In July 2010, Henderson contacted Smith for help on the project. It turns out that the industrial design student was the perfect candidate for the job. Before returning to school at ASU to study industrial design in The Design School, Smith worked for 12 years as a professional welder. And several design courses at ASU prepared him for hands-on, transborder design. In spring 2010, for example, Smith participated in a Global Impact Entrepreneurship class that partnered ASU students with teams from TERI University in Delhi, India. Together they created a concept for a portable water-treatment device that could be deployed in a shantytown near the city’s airport.

But perhaps Smith’s most useful qualification was this: he’d already spent time in Ghana observing the cooking habits of people in their homes environments. Ghanians favor two basic kinds of cook stove designs, Smith points out.

Commercial stoves often repurpose the metal rims of car wheels that have become too damaged for use in transportation. Scrap metal pieces are welded on to this basic frame to provide legs, a food grate and potholders.

Another stove, known as a coal-pot stove, is made from a series of metal sheets that are cut and shaped by hand.

Smith’s redesign melded the two stove traditions and then retrofitted them to accommodate the gel-fuel source, calibrating its proper placement so that the fuel's BTUs were directed into heating food rather than the surrounding air.

To make cooking easier for users, he also incorporated into his design the round, wide-bellied proportions of a pot that is commonly found in Ghanian households.

During the 2011 spring semester a team in Ghana is putting the new prototype through rigorous field testing at the Mount Olivet School in the city of Kumasi. Staff cooks, who prepare twice-daily meals for more than 600 students at the school, are using the new stove design alongside traditional charcoal-burning ones. The on-the-ground team in Ghana also has collected data from surveys with hundreds of Ghanian women who have commented on the redesign.

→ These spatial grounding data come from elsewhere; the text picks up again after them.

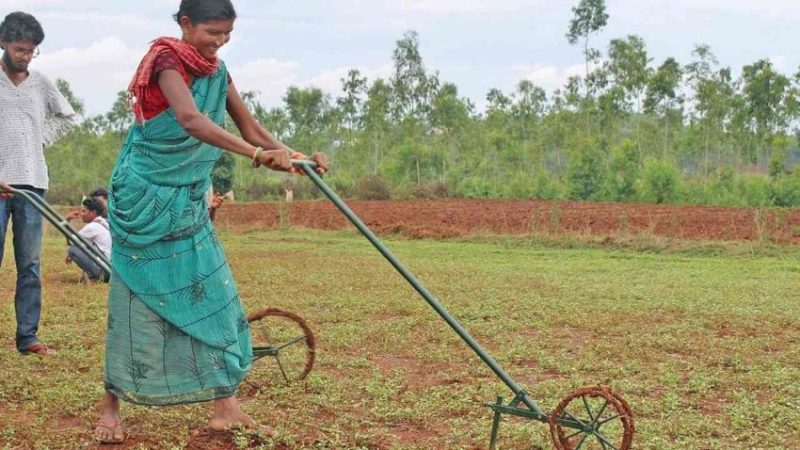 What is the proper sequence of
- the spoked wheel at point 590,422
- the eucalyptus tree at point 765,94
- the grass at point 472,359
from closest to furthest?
1. the spoked wheel at point 590,422
2. the grass at point 472,359
3. the eucalyptus tree at point 765,94

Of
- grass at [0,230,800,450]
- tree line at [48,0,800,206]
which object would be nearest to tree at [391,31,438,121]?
tree line at [48,0,800,206]

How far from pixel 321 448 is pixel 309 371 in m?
1.19

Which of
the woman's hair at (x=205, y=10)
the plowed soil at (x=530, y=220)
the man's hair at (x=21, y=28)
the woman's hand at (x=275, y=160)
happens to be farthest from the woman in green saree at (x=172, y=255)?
the plowed soil at (x=530, y=220)

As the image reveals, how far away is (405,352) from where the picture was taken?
622 cm

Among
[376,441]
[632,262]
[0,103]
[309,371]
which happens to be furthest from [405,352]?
[632,262]

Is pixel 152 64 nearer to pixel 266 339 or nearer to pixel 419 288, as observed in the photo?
pixel 419 288

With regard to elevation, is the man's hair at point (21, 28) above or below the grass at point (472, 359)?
above

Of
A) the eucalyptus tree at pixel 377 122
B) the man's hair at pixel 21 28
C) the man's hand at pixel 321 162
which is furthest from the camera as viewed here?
the eucalyptus tree at pixel 377 122

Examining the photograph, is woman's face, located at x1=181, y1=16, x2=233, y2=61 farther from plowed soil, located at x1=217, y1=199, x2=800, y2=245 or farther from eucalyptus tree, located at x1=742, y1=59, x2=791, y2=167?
eucalyptus tree, located at x1=742, y1=59, x2=791, y2=167

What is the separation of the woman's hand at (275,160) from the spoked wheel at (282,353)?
119cm

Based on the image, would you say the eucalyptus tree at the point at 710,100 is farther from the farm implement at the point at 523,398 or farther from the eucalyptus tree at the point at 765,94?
the farm implement at the point at 523,398

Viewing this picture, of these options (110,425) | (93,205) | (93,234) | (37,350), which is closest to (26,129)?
(37,350)

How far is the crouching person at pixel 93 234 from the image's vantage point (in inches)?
384

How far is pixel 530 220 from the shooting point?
20.5m
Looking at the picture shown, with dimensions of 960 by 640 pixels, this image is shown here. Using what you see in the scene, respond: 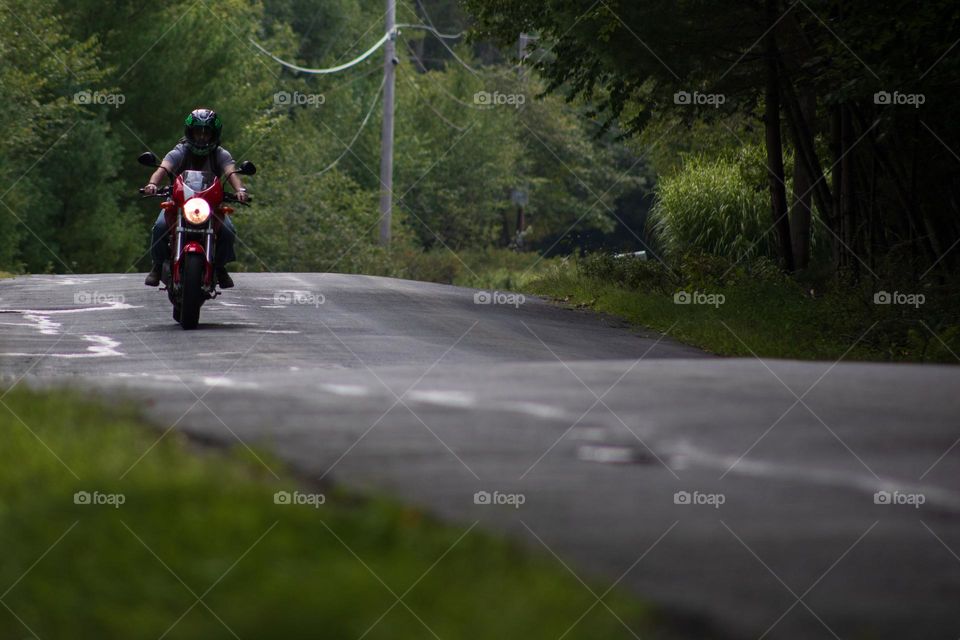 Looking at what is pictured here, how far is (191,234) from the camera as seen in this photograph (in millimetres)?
14539

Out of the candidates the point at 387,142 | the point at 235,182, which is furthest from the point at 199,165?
the point at 387,142

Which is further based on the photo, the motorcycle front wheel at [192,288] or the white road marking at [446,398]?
the motorcycle front wheel at [192,288]

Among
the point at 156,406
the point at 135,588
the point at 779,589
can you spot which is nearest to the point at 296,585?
the point at 135,588

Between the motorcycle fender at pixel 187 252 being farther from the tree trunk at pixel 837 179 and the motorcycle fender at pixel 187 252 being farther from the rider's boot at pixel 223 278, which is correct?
the tree trunk at pixel 837 179

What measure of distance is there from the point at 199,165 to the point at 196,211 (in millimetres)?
923

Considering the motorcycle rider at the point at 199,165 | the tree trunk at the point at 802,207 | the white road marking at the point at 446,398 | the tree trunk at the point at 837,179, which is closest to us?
the white road marking at the point at 446,398

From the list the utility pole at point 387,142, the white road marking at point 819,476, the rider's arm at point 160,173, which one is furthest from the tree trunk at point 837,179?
the utility pole at point 387,142

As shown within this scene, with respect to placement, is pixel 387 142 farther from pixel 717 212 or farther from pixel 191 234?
pixel 191 234

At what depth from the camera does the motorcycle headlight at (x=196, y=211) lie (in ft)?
47.5

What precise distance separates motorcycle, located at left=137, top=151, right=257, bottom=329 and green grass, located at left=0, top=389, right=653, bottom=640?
931cm

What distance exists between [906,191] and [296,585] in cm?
1680

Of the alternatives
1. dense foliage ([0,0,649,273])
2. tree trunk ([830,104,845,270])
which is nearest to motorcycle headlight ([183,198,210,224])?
tree trunk ([830,104,845,270])

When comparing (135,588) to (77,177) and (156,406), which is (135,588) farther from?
(77,177)

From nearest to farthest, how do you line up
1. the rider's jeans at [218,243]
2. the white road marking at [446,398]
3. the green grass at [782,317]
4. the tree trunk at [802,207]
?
the white road marking at [446,398], the rider's jeans at [218,243], the green grass at [782,317], the tree trunk at [802,207] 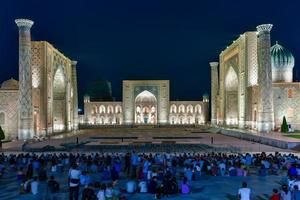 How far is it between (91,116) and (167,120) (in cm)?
977

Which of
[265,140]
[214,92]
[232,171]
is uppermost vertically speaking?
[214,92]

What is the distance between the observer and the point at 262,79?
→ 24.8m

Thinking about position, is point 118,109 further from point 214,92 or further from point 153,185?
point 153,185

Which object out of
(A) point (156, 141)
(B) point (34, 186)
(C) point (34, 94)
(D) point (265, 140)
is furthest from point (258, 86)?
(B) point (34, 186)

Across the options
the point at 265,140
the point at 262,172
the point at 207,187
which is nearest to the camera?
the point at 207,187

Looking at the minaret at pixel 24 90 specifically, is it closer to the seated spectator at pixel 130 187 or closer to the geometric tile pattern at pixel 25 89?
the geometric tile pattern at pixel 25 89

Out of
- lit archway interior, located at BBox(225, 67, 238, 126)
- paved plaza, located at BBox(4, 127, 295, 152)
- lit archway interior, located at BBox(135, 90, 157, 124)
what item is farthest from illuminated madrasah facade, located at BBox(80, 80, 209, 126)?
paved plaza, located at BBox(4, 127, 295, 152)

Armed with the feedback, Smith will return to the drawing board and the metal shop for further refinements.

This semester, Smith also is part of a student team working on the design of a physical therapy system to help patients in the U.S. with their in-home rehabilitation routines in The Design School’s product-development program InnovationSpace. The team is sponsored by the global design giant Herman Miller.

In fall 2011 Smith will begin graduate work in The Design School. He plans to resume work on his real passion: the design of human-powered transportation in developing nations. Among his goals is the design of an affordable cargo-hauling bicycle that can be locally built and sold in countries like Ghana, where people have been forced to import such basic, but expensive, technologies. Smith already has a stockpile of design research, returning from his trip to Ghana with 2,000 pictures of people riding bikes and pushing carts.

“I came back invigorated by the possibilities for using my skills as an industrial designer to help better the lives of people in countries like Ghana,” says Smith. “I discovered that social entrepreneurship is the direction I want to take.”